Adolescents with BPD who Attempt Suicide
Borderline Personality Disorder (BPD) is thought by many clinicians to be one of the most difficult psychiatric illnesses to treat, and is observed in both adult and adolescent populations. Dialectical Behavior Therapy (DBT) was developed by Marsha Linehan as a treatment for patients with BPD, an illness that is often co-morbid with others, such as anxiety, depression, and suicidal and non-suicidal injurious thoughts and behaviors (Linehan et al., 1991). Fleischaker, Bohme, Bruch, Schneider, & Schulz (2011) cite research among adolescent populations that indicates 10-50% of adolescents with a history of attempted suicide will make another attempt in the future. 11% of these will die as a result of suicide. Recurrent suicidal and self-injurious behaviors characterize the experience of many adolescents with BPD traits and diagnoses. The researchers, therefore, seek to better understand treatment effects and address the 77% of adolescent suicide attempters who never seek or prematurely terminate outpatient treatment (Fleischaker et al., 2011).
DBT-A Explained
To tailor treatment to adolescent populations presenting with traits of borderline personality disorder and self-injurious behaviors, Rathus & Miller (2002) adapted Linehan’s model of DBT (DBT-A). The more recent study using DBT-A featured a 16-week behavioral treatment program that included weekly individual therapy, family therapy as necessary, and multifamily skills training for outpatient groups. Goals of therapy were for the participants to understand and implement skills that focus on mindfulness, interpersonal effectiveness, distress tolerance, emotion regulation, family, and ‘walking the middle path’ (Fleischaker, Bohme, Bruch, Schneider, & Schulz, 2011, p. 2).
Types of Support Provided
Fleischaker et al. (2011) used a German-translated DBT-A program on a sample of female adolescents exhibiting non-suicidal self-injurious and suicidal behaviors. Treatment was conducted at an outpatient clinic in Germany over a period of 16-24 weeks, and varied slightly over the holiday schedule. Treatment consisted of the aforementioned protocol and included frequent phone calls between client and therapist to ensure adequate support is provided. Participants were administered several assessments, both self-reported and through diagnostic interviewing, before treatment began, four weeks post treatment, and again one year post treatment.

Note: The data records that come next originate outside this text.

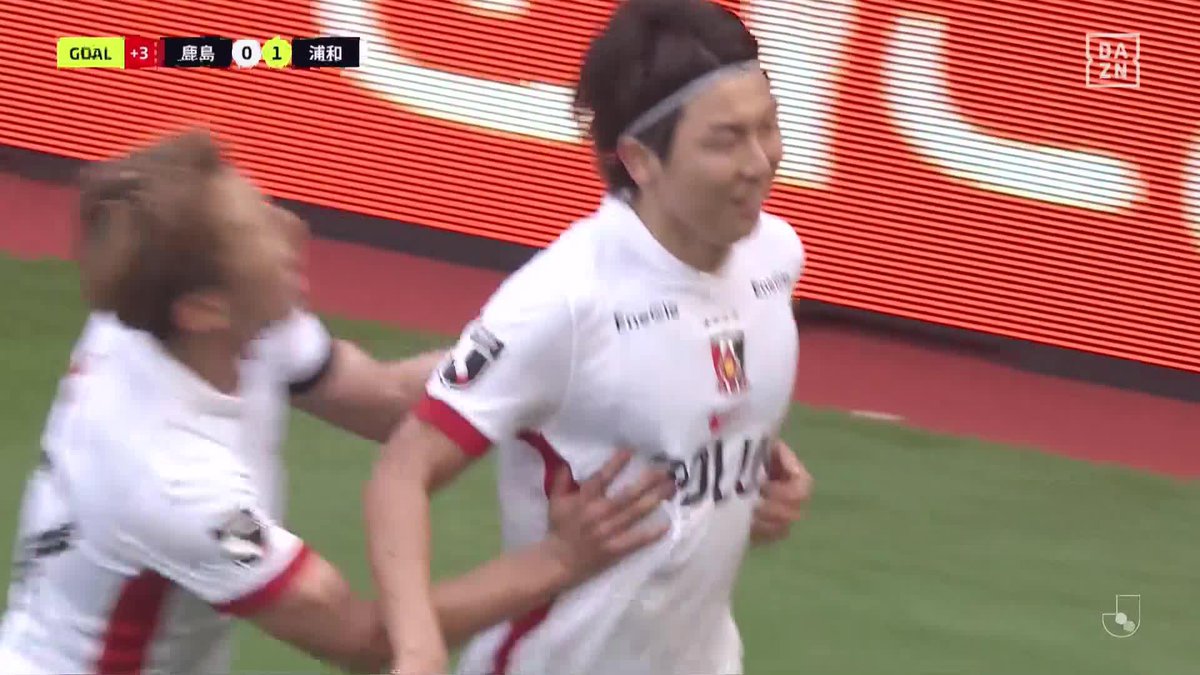 レッズの救世主になるか！？ 試合を動かしたのは 浦和の新加入MF #松本泰志 #関根貴大 のクロスに 2列目から飛び込んだ👏 🏆明治安田J1第6節 🆚鹿島×浦和 🆓#DAZN LIVE配信中 #Jみようぜ #Jリーグ #鹿島浦和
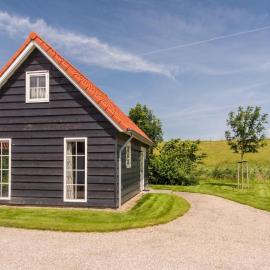 Sfeervol en gezellige Zeeuwse Cottage 5 personen, Hotel in Wemeldinge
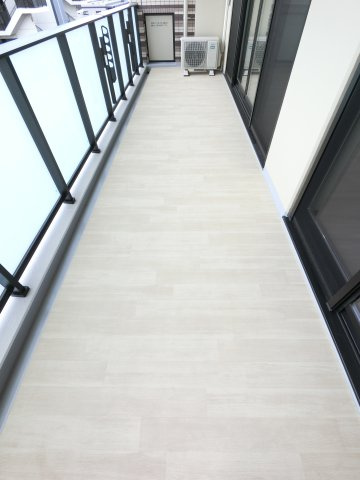 センチュリー千葉みなとのバルコニー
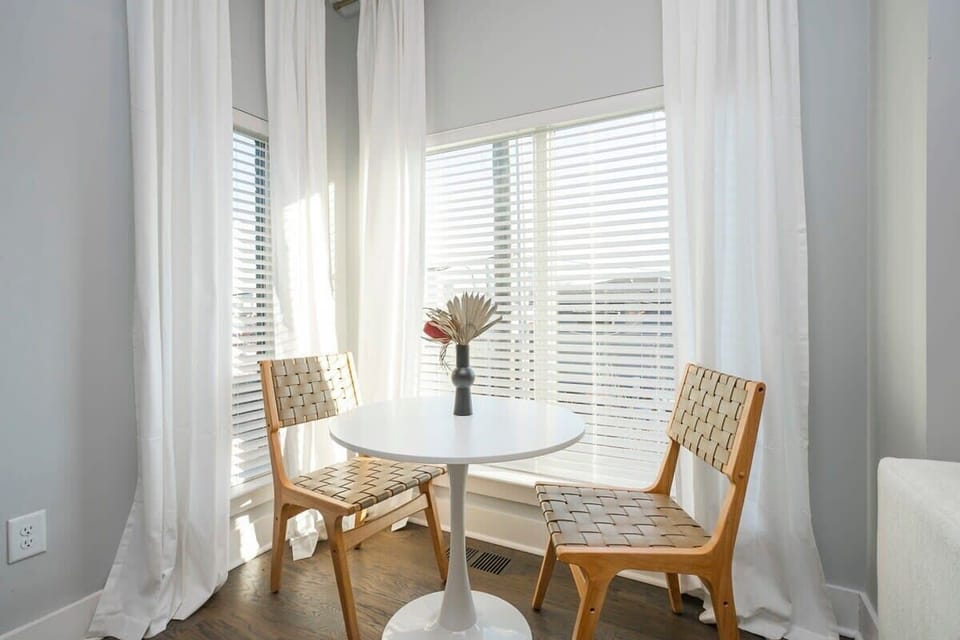 Breakfast nook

Preventing Patient Drop Out
The results of Fleischaker’s et al. (2011) study demonstrate, “a stable reduction of suicidal and non-suicidal self-injurious behavior over the course of one year” (p. 8). This reduction is the primary target of DBT. The second goal in the hierarchy of DBT is to keep patients enrolled in therapy for the duration of planned treatment. In the researcher’s study, the drop-out rate was 25% (Fleischaker et al., 2011), as compared to 60% for the control group receiving the usual treatment in Rathus & Miller’s (2002) study.
Benefits of the DPT-A Program
A significant reduction in symptoms also occurred for participants, resulting in only one patient meeting the diagnostic criteria for BPD one year after therapy. Fleischaker et al. (2011) note the adolescents made clear progress in diagnostic categories: “unstable and intense interpersonal relationships, identity disturbance, and impulsivity” (p. 8). Parents also reported consistent improvement in quality of life both during therapy and after one year.
References
Fleischaker, C., Bohme, R., Sixt, B., Bruck, C., Schneider, C., & Schulz, E. (2011). Dialectical behavioral therapy for adolescents (DBT-A): A clinical trial for patients with suicidal and self-injurious behavior and borderline symptoms with a one year follow up. Child & Adolescent Psychiatry & Mental Health, 5(3), 1-10.
Linehan, M, Armstrong, H., Suarez, A., Allmon, D., & Heard, H. (1991). Cognitive-behavioral treatment of chronically parasuicidal borderline patients. Archives of General Psychiatry, 48: 1060-1064.
Rathus, J., & Miller, A. (2002). Dialectical behavior therapy adapted for suicidal adolescents. Suicide & Life Threatening Behavior, 32(2), 146-157.